Surgery yesterday - body lift, thigh lift, arm lift, flankplasty, breast lift
I am not yet happy with the results of my stage 2 surgery. I am swollen now and have to give it time. I know I will change but I will bet you that I am going to want revisions.
I think I finally feel thin. I guess I will feel even batter about it when my swelling goes away.
I am beginning to love love love my new body…
I was trying to hold out posting an update until my 6-week post op virtual consult with Dr. Capella, but I just cannot contain myself! I will be 5 weeks post op in 2 days. I am so looking forward to speaking with him next week to show and tell him how much I love my body. I know that he really wants me to be happy, as he does all his patients.
First, let’s take a look at my transforming body. Below are my photos taken just before my tummy tuck, a few months after my tummy tuck but before my stage 2 surgery, and one month after my stage 2 surgery. Good grief, I had forgotten how much I had let myself go before my TT! I would go without makeup, wear baggy clothes, and throw my hair up into a ponytail. And I had put on a few pounds.
To date, I have lost 30lbs and more than 30in since the pre op photo that was taken in April 2013. I was probably a size 16 jeans at the time. I certainly know my 14s were tight on me and now I am in size 6 jeans. I even fit into juniors! And I am still swollen so it only will get better than this. I cannot wait until 3-4-mos post op when the swelling should be gone. Nowadays I never go out without wearing nice clothes and doing my hair and makeup.
When I met Dr. Capella in 2006, I knew he could work wonders with my body. I am thrilled that I finally went through with this. I never imagined he would sculpt my gobs of fat into such a beautiful tight youthful body.
I finally feel small.
At my 4-mos post op, however, I asked my surgeon why I still felt so big. He told me that maybe I was still getting used to my body. I think that was partly the reason, because there were times that I would catch a glimpse of my reflection in a store window and have to do a double take. Was that beautiful body me?
But I also think that the remaining redundant flesh on my body made me look large especially in revealing clothes. My arms were rounded below the shoulders making me look wide. Certainly my thighs were big. My breasts were DD. My ass had nice projection from the side view.
Now after my second round of plastics, my arms are thin and the roundness gone, which makes me look more narrow. My thighs and ass are smaller and my size 8 jeans that once fit tightly are now especially baggy in the ass and thighs, particularly right under the buttocks. And my DD boobs are now B. I finally feel small for the first time since I was 16yo.

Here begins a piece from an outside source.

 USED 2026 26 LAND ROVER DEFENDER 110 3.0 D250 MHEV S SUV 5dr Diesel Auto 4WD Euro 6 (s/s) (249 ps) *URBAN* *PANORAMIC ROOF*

Initially I hated my breasts and ass. I'm sorry to say that because I know Dr. Capella worked very hard and was meticulous with my breasts. I was not at all happy that I lost projection in the back with the lift of my buttocks, and projection in the front with the lift of my breasts. But now I really like that my profile view looks thin. And my ass is getting rounder and so are my breasts. Dr. Capella told me to give it time and they would loosen up. They are! I now am liking my T&A! And I've always loved my thighs and arms and mons coming out of surgery!
It took an entire month for me to fee like me again. Recently I was at my salon and asked the owner to give me a new look. Cindy is so talented. She looked at the new shape of my face and body and gave me a killer cut and color. OMG, I love love love my new look. One of the male stylists told me, "You are a gorgeous woman." It is almost impossible to understand just how transformative plastic surgery can be in such a short period of time. And I am still evolving.
Super excited!!!
Emotionally I feel great. Physically I feel good. I will be glad when these arms are healed and I can go back to vigorous exercise as life as usual.
The only thing right now that I still hate is my waist is so swollen -- at least I hope that's what it is -- so I look boxy. I have gained a few pounds and I hope to God it is swelling.
I have a binder that I wrap tight around me at night and in the morning I am smaller. My husband took a few pix of me today in a new outfit that I bought this weekend. I love my profile (FINALLY) but I hated the view from the back because my darn waist is boxy. In the plus column, size XS sweater dress and size S leggings at Loft, 40% off. And the size 4 jeans fit, too (tightly) but I didn't buy those... too soon after surgery!
I just love this photo of me on the operating table. Dr. Capella took it at my request after the team had cleaned me up after surgery. When he first showed it to me, all that I could see was how big my trunk was. But I still love the pic. You can see the tool chest in the background that they must have kept all the supplies in to make me FrankenBarbie.